TASK INPUTS
···
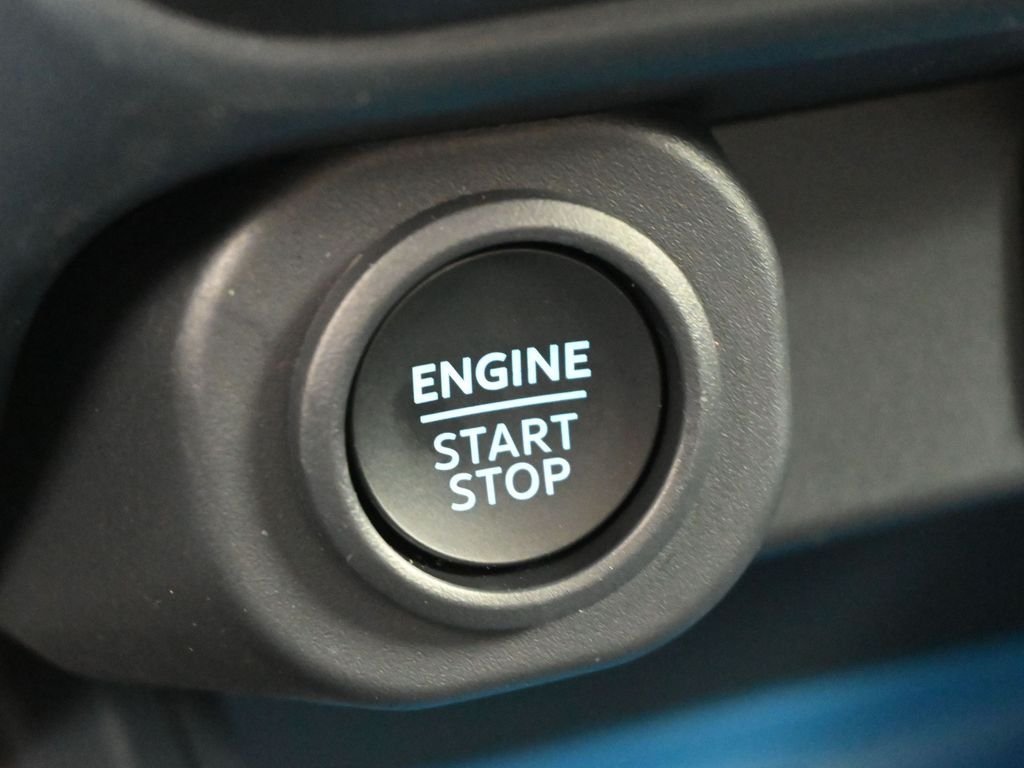 New 2026 Carbonized Gray Metallic Ford XLT image 12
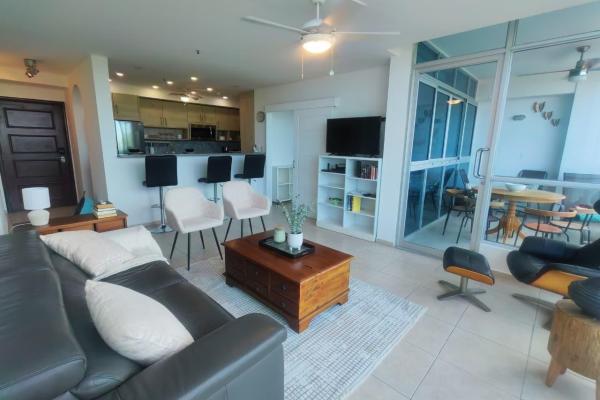 Apartamento de 2 habitaciones en ph coronado bay lado del amanecer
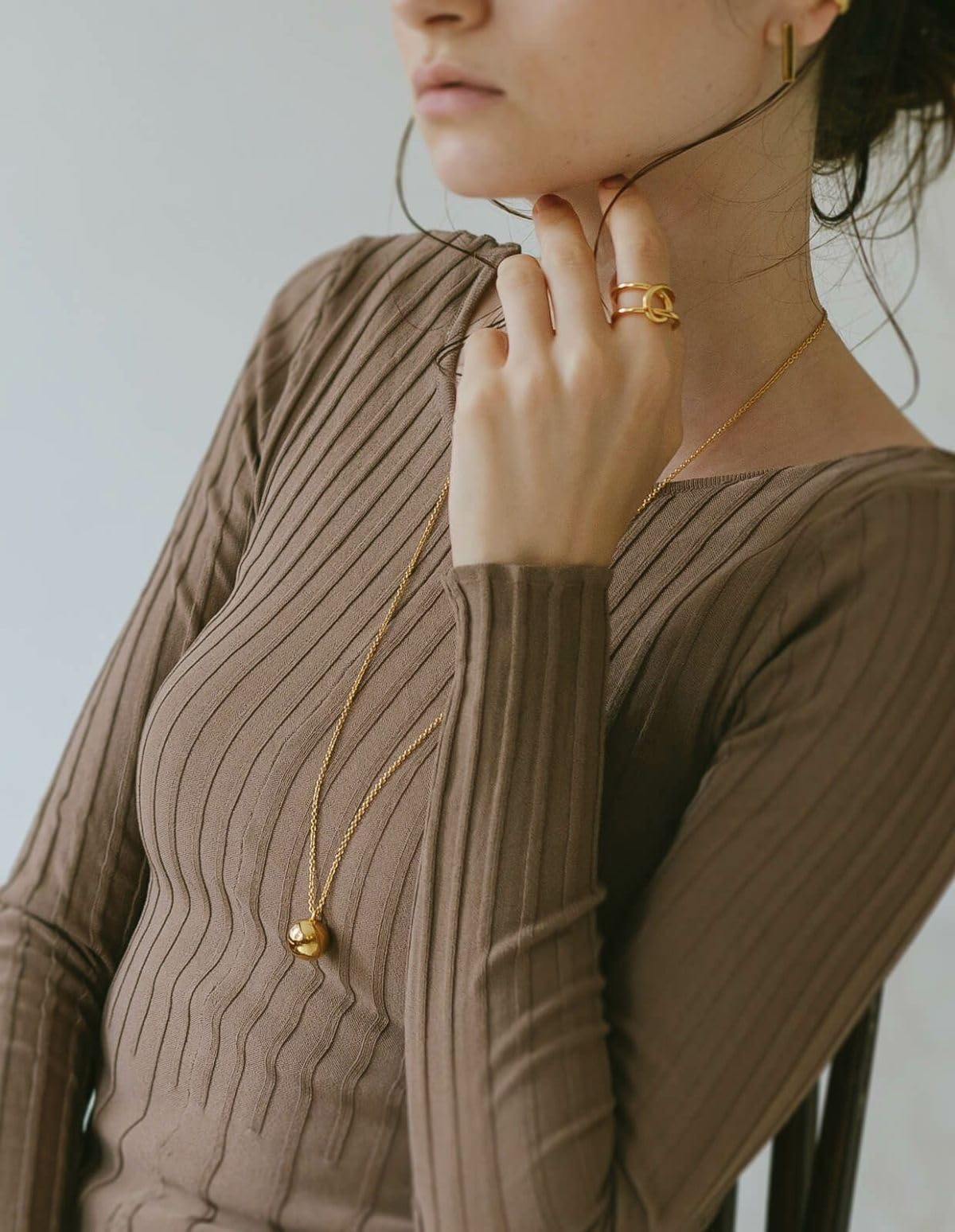 CANEVINKA 18k Gold Plated Ball Pendant Long Chain Necklace Dainty Personalized Handmade Layered Charm Spherical Sweater Necklace Glossy Minimalist Geometry Pendant Thin Cable Chain Necklace for Women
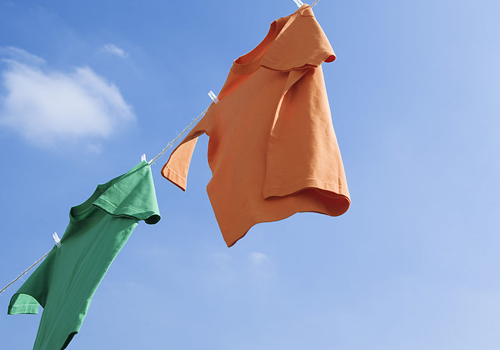 衣服要不要反过来晒（）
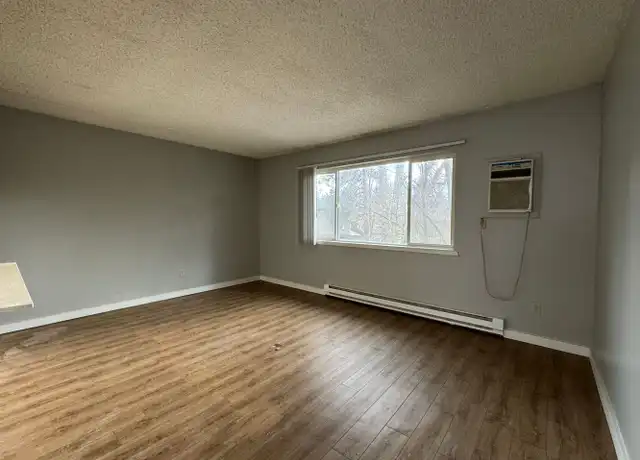 Property at 1015 S Walnut Pl, Spokane, WA, 99204, 1 bed, 1 bath, [object Object]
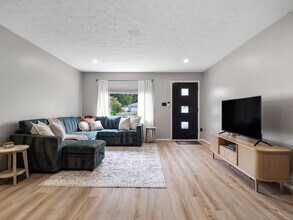 291 Hunter Ave in Munroe Falls, OH - Building Photo - Building Photo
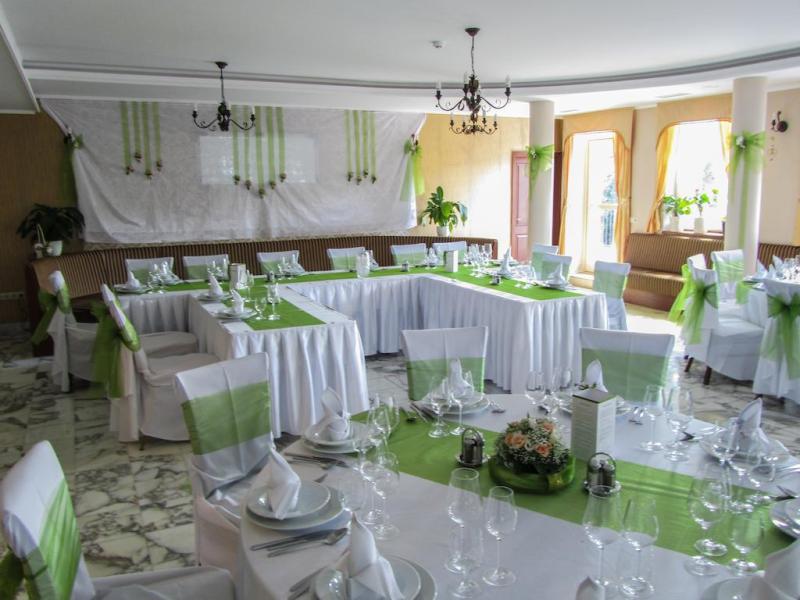 Calimbra Wellnes es Konferencia Hotel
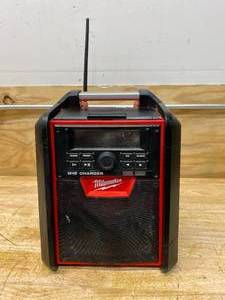 lot 31 image: MIWAUKEE M18 Lithium-Ion Cordless Jobsite RadioCharger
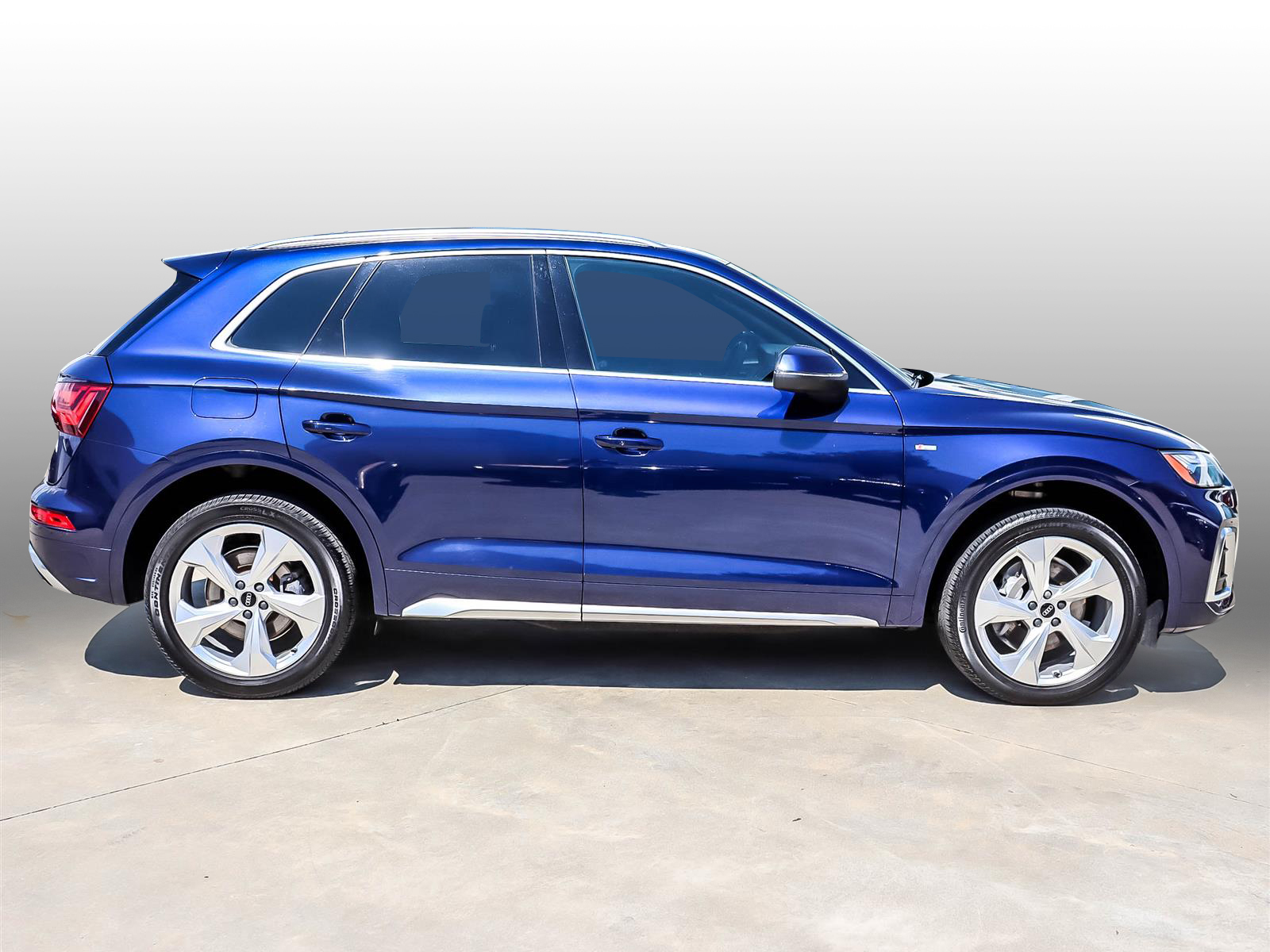 2021 Audi Q5 45 2.0T Progressiv quattro 7sp S Tronic - Thumbnail 3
···
TASK REQUIREMENTS
Every entry must be reproduced exactly, with the images left out.

EXERCISE RESULT
 New 2026 Carbonized Gray Metallic Ford XLT image 12
 Apartamento de 2 habitaciones en ph coronado bay lado del amanecer
 CANEVINKA 18k Gold Plated Ball Pendant Long Chain Necklace Dainty Personalized Handmade Layered Charm Spherical Sweater Necklace Glossy Minimalist Geometry Pendant Thin Cable Chain Necklace for Women
 衣服要不要反过来晒（）
 Property at 1015 S Walnut Pl, Spokane, WA, 99204, 1 bed, 1 bath, [object Object]
 291 Hunter Ave in Munroe Falls, OH - Building Photo - Building Photo
 Calimbra Wellnes es Konferencia Hotel
 lot 31 image: MIWAUKEE M18 Lithium-Ion Cordless Jobsite RadioCharger
 2021 Audi Q5 45 2.0T Progressiv quattro 7sp S Tronic - Thumbnail 3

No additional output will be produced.